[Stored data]
- Opening Delimiter -

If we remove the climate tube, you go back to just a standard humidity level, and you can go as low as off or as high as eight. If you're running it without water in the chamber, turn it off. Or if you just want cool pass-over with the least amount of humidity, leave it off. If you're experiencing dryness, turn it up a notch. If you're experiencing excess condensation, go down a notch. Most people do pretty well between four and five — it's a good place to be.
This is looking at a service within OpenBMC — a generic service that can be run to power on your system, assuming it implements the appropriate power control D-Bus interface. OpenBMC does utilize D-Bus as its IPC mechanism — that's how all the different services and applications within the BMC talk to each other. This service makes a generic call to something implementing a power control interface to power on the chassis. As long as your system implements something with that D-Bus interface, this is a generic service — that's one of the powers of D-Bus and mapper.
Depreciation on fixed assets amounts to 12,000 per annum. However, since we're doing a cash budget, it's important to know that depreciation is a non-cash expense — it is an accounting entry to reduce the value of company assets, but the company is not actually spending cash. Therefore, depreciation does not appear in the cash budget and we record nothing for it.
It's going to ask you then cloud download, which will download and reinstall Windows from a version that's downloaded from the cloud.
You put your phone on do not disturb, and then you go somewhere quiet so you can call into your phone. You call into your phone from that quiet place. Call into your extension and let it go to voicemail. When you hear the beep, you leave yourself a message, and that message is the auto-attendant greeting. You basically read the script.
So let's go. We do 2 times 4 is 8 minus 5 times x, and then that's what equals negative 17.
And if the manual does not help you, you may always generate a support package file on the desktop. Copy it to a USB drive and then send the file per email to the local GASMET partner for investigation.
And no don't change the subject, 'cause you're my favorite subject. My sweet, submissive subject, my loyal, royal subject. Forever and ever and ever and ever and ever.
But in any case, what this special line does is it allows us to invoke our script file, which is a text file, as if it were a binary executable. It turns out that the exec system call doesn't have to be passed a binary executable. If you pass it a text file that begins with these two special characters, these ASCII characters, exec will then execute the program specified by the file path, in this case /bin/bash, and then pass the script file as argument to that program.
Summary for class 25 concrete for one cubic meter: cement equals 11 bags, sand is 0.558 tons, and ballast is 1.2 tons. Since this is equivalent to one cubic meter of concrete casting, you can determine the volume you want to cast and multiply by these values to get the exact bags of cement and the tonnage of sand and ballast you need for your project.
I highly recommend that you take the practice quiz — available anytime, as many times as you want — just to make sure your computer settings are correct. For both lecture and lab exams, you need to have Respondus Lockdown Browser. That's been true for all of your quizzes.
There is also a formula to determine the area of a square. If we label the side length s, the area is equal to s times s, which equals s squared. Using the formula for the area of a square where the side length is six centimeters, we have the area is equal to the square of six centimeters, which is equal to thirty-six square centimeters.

- Closing Delimiter -

Exercise goal:
Find the line with "This is looking" in the entries above. Retype it and each line after it, exactly, through the line with "It's going to", and stop there.

Response for this exercise:
This is looking at a service within OpenBMC — a generic service that can be run to power on your system, assuming it implements the appropriate power control D-Bus interface. OpenBMC does utilize D-Bus as its IPC mechanism — that's how all the different services and applications within the BMC talk to each other. This service makes a generic call to something implementing a power control interface to power on the chassis. As long as your system implements something with that D-Bus interface, this is a generic service — that's one of the powers of D-Bus and mapper.
Depreciation on fixed assets amounts to 12,000 per annum. However, since we're doing a cash budget, it's important to know that depreciation is a non-cash expense — it is an accounting entry to reduce the value of company assets, but the company is not actually spending cash. Therefore, depreciation does not appear in the cash budget and we record nothing for it.
It's going to ask you then cloud download, which will download and reinstall Windows from a version that's downloaded from the cloud.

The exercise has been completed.